I've tried capturing debug info but wasn't able to catch it in the middle of the latest failure. When it happens, DNS resolution is down for maybe 2-5min, then comes back again for no apparent reason.
Debug Token:
https://tricorder.pi-hole.net/w66RXrSS/
Config details
I built this pihole box intending it to replace an existing proof-of-concept install on my network. The config should be quite similar, and I copied the config from the old one using Teleporter, checking all the checkboxes during import.
It's somewhat messy, but my network has a few DHCP servers running on the same segment with non-overlapping IP pools: the Unifi USG3 gateway, the old pihole box, and the new pihole box. This setup has allowed me to test enabling pihole filtering for devices on the network without making it a single point of failure.
I would eventually like to make this new pihole the sole DHCP server and DNS resolver on the network, and then later add a second similarly-configured pihole for high availability.
The old pihole install is an RPi 4 running Raspbian, the new one is a Radxa RockPi S running Ubuntu 20.04 with Radxa's custom 4.4 kernel for the hardware. Both are attached by onboard ethernet and I have no reason to doubt their reliability.
My internet connection has native v4 and v6 support. My ISP delegates a prefix to the router and clients autoconfigure themselves. As such, I've enabled v4 and v6 upstream resolvers in Pihole.
Evidence from logs
Setting DEBUG_QUERIES=true
I can see the following in pihole-FTL.log:
[2022-01-12 17:21:40.241 111183M] **** new UDP IPv4 query[A] query "mail.google.com" from eth0/192.168.1.70#37148 (ID 6726, FTL 29316, src/dnsmasq/forward.c:1601)
[2022-01-12 17:21:40.241 111183M] mail.google.com is known as not to be blocked
[2022-01-12 17:21:40.242 111183M] **** got cache reply: error is REFUSED (nowhere to forward to) (ID 6726, src/dnsmasq/rfc1035.c:1110)

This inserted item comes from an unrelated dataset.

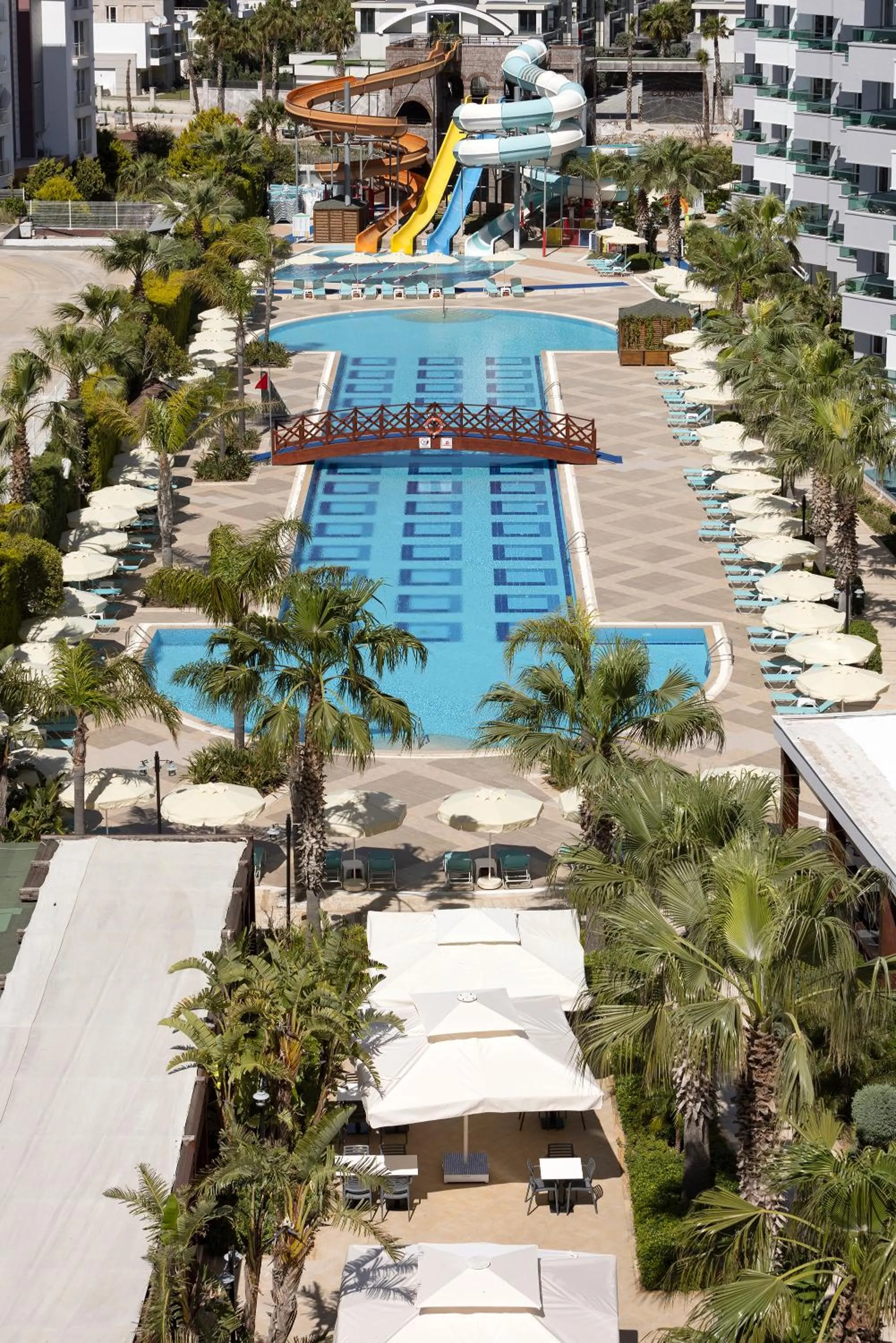 Swimming pool in Wyndham Garden Lara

[2022-01-12 17:21:40.243 111183M] EDE: network error (23)
[2022-01-12 17:21:40.243 111183M] Set reply to REFUSED (8) in src/dnsmasq_interface.c:2071
All the failures follow this same format. The corresponding log entry is pihole.log is
Jan 12 17:21:40 dnsmasq[111183]: query[A] mail.google.com from 192.168.1.70
Jan 12 17:21:40 dnsmasq[111183]: config error is REFUSED (EDE: network error)
The old pihole installation has never exhibited this behaviour. At first I thought it was a genuine upstream problem, because the old install uses OpenDNS and I'm trying Cloudflare on the new one. Changing the new pihole to use OpenDNS instead has not fixed the problem.
Hypotheses
I can't think of any reason why this would happen, particularly only on this pihole installation. The internet connection is quite stable, and this pihole hasn't been rebooted or anything recently.

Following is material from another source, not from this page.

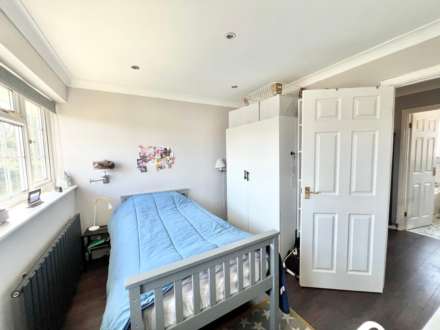 Warley Mount, Brentwood, Image 10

The only scenario I can come up with is something like:
- A very brief transient network failure occurs
- A client requests DNS resolution during this loss of connectivity
- Pihole/dnsmasq queries all its upstream, finds it can't reach any of them, and returns REFUSED to the client
- Pihole/dnsmasq caches this failure, and continues to return REFUSED for a period of time even once the upstream network issue has cleared
- Eventually the negative-cache times out and behaviour returns to normal
However I don't think dnsmasq caches connection errors, and it wouldn't explain why the resolution failure sometimes lasts 1-2min and sometimes lasts for 5min. Also, apps with existing connections keep working fine so I'm quite convinced it's not a connectivity issue.